THE DATA:
Segment Open

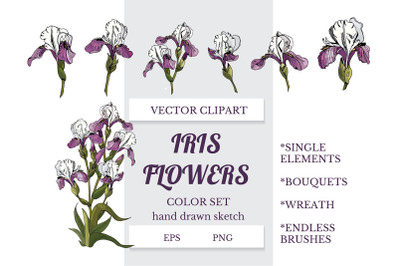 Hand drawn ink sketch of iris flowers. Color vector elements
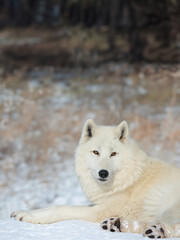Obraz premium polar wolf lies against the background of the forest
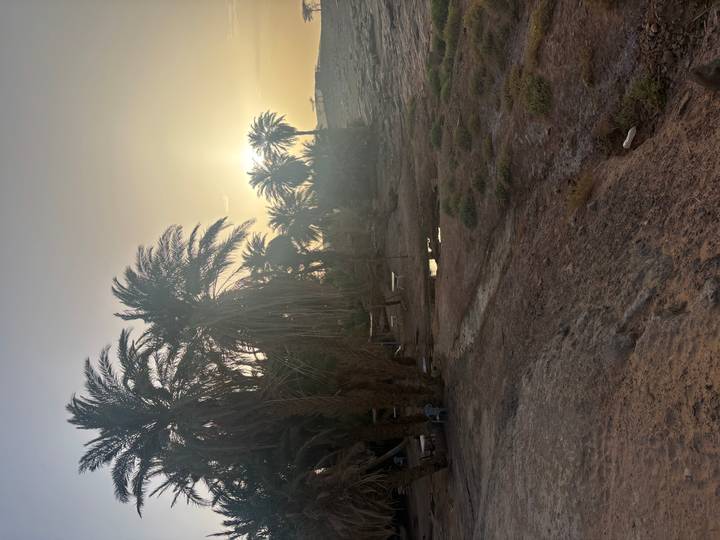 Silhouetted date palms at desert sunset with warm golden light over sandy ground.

Segment Closed

TASK ITEM: A verbatim copy of the listing, with all pictures removed, is required.

ANSWER BELOW:
 Hand drawn ink sketch of iris flowers. Color vector elements
Obraz premium polar wolf lies against the background of the forest
 Silhouetted date palms at desert sunset with warm golden light over sandy ground.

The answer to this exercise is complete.